Letter from the Association of Brazil's Indigenous Peoples and Amazon Watch to Anglo American
With the presence of 200 participants from 47 villages, the assembly produced a powerful declaration that demands recognition of the Munduruku's rights to life and territory. Both illegal "wildcat" and industrial mining were among the principal threats identified by the Munduruku.
... In its response to the Business and Human Rights Resource Center... Anglo American stated that it had given up all requests for mineral exploration in areas located on Indigenous lands in Brazil... However, a recent report from InfoAmazônia news agency revealed that Brazil's National Mining Agency (ANM) granted 27 permits for Anglo American to prospect copper within Indigenous lands in the states of Mato Grosso and Pará, with emphasis on the Munduruku's Sawré Muybu Indigenous territory in Pará state.
... Anglo American also stated in its response that it has no plans to carry out any activities related to mining on Indigenous lands in Brazil and that all of their mining activities follow the internationally recognized principle of Free, Prior, and Informed Consent (FPIC) with affected communities, regardless of the provisions of local legislation.

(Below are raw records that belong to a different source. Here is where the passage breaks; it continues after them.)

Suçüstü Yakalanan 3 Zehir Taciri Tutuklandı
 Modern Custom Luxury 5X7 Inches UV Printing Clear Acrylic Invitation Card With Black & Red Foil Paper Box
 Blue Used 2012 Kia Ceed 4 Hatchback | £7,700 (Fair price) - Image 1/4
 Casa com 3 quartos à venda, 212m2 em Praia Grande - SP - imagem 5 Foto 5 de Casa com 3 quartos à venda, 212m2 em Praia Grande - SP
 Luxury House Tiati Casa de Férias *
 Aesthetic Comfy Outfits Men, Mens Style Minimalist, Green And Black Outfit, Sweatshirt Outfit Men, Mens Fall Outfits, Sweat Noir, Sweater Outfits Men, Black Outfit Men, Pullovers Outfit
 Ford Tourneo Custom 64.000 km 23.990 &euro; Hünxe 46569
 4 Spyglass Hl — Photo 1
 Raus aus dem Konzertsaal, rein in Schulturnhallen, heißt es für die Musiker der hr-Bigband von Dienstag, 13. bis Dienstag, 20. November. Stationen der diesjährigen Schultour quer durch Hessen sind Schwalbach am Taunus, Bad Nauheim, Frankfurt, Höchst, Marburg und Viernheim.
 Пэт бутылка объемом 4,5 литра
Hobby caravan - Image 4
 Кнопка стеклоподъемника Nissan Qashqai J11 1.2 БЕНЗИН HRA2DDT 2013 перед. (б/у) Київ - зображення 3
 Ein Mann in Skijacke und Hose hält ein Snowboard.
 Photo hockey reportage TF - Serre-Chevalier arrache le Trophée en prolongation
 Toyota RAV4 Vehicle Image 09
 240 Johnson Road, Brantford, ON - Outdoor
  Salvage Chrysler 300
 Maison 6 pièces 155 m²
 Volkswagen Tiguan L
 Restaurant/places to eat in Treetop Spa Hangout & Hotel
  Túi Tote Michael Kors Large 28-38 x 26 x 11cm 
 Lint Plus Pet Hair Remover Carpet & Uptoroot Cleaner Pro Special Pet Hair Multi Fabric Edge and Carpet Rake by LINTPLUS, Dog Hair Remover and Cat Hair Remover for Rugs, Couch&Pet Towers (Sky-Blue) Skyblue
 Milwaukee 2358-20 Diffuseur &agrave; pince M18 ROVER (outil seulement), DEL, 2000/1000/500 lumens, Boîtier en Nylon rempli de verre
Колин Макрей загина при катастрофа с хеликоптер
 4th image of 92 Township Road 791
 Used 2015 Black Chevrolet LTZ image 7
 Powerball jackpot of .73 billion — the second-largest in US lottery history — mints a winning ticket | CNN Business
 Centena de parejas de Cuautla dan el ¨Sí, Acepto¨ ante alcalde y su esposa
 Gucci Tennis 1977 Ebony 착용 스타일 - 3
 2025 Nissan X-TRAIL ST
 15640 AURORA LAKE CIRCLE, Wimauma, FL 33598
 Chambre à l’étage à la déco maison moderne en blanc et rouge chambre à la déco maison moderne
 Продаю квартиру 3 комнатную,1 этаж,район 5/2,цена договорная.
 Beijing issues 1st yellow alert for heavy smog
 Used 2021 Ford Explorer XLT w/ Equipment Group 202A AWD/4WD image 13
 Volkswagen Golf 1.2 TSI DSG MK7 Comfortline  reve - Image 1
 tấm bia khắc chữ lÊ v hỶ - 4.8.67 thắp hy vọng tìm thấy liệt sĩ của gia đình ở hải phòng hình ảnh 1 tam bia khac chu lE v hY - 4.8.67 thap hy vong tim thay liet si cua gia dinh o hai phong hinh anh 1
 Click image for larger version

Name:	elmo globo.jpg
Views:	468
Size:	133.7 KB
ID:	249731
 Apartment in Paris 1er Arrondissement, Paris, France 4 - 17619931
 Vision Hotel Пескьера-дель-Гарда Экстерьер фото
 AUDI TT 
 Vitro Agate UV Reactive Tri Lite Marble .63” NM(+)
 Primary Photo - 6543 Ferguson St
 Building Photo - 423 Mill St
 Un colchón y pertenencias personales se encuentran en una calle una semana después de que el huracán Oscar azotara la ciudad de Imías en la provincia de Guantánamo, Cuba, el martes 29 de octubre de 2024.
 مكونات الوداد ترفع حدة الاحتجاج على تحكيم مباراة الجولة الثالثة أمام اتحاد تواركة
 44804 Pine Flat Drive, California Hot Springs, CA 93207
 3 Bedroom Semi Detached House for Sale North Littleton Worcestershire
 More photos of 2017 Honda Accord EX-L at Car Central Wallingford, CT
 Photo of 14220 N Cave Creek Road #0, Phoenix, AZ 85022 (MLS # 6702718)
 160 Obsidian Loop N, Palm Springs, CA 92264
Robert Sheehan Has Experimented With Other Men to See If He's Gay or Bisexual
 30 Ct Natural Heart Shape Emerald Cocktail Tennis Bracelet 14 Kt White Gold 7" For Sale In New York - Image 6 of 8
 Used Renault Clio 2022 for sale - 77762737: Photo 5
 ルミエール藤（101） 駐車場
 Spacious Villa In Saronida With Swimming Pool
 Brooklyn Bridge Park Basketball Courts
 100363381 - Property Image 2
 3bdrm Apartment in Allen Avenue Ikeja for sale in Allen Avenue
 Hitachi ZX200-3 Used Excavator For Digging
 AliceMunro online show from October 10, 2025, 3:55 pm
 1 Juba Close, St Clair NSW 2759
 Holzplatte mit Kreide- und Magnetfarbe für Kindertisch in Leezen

While the commitment reaffirmed by Anglo American regarding prior consent from affected communities is important, it is essential to stress that there is still no legal basis for mining on Brazilian Indigenous lands.
... [W]e invite Anglo American to go further and make a public commitment to refrain from carrying out any mining activities on Indigenous lands in Brazil, regardless of changes in Brazilian legislation, in line with its human rights and biodiversity protection commitments, in particular the Declaration of ICMM's position on Mining and Protected Areas.